İklim krizi ve ona bağlı doğal felaketler çağındayız. Bir anlamda insan türünün gezegeni mahvettiği, doğaya ve canlılara saygısız davrandığı için geri dönülmesi zor bir noktada sıkışıp kalmış durumdayız. Cam ve seramik sanatçısı Müğe Arslan doğa dostu üretimleriyle kendine bambaşka bir duruş edinmiş bir sanatçı.

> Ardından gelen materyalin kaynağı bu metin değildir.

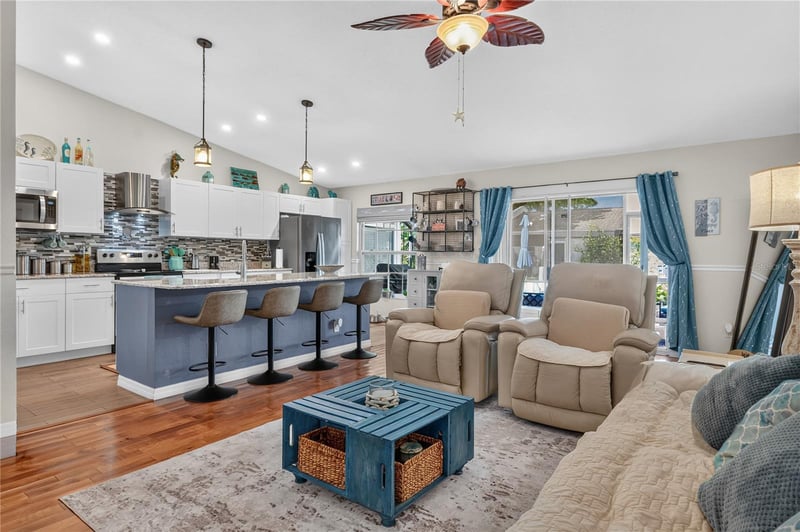 9922 87th St, Seminole, FL 33777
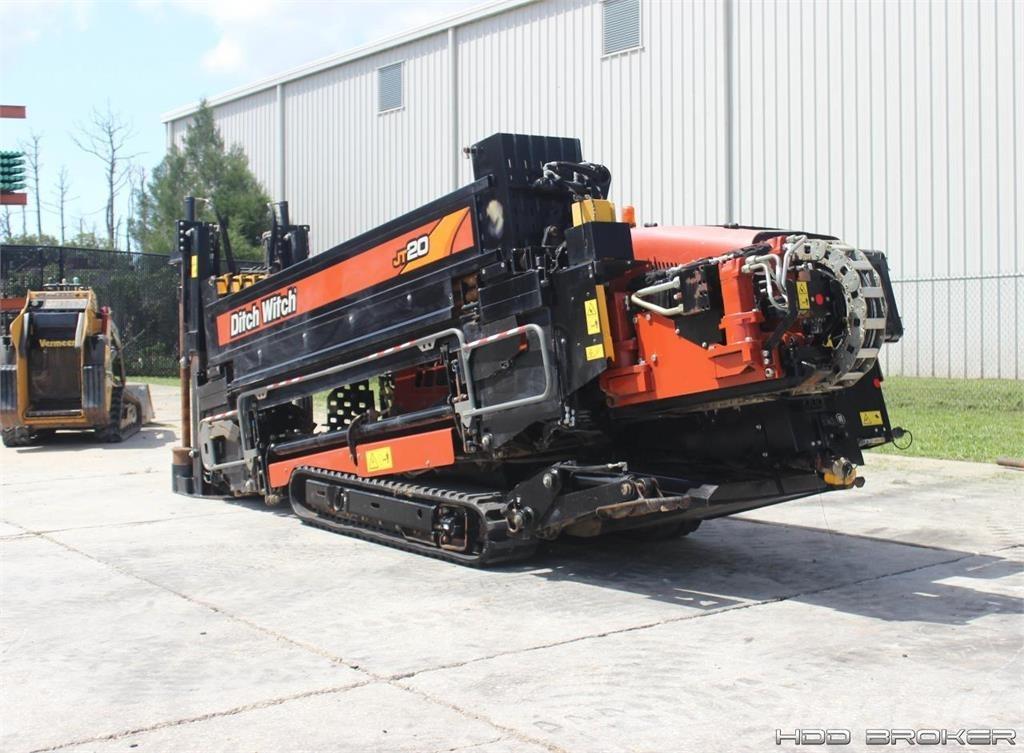 Ditch Witch JT20 水平定向钻井设备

Cihangir’de bulunan ev-atölyesinde seramik ve cam tasarımlar üreten sanatçı geçmiş yıllarda birkaç karma sergiye katılmış ancak son yıllarda daha çok doğaya duyarlı butik üretimler yapmaya odaklanmış durumda. Beymen Home, İstanbul Modern Mağaza, Dank başta olmak üzere birçok mağazada ürünleri bulunmakta. Ayrıca Çekül Vakfı, Meleztea, İnari Omakase, Studiofav ve Beymen gibi markalarla özel koleksiyonlar ve iş birlikleri yapıyor.
Le Muguet
Le Muguet, Müge Arslan’ın butik atölyesinden çıkan yüzde 100 el yapımı, cam ve seramik ürünlerin markası. 2010 yılında kurulan, odağında “üretim” olan markanın temeli, 2004 başlayan cam ve seramik eğitimlerine dayanır. Markanın amacı, hikayesi olan, sıcak, özgün ve doğaya duyarlı tasarımlar sunmak. Üretim sürecinde kullanılan tüm malzemeler geri dönüştürülerek neredeyse sıfır atık seviyesine ulaşılan atölyede, yoğun enerji tüketimi sorununa da ağaç dikmek amacıyla tasarlanan ‘Seramik Yapraklar’ serisi aracılığıyla çözüm bulunmaktadır.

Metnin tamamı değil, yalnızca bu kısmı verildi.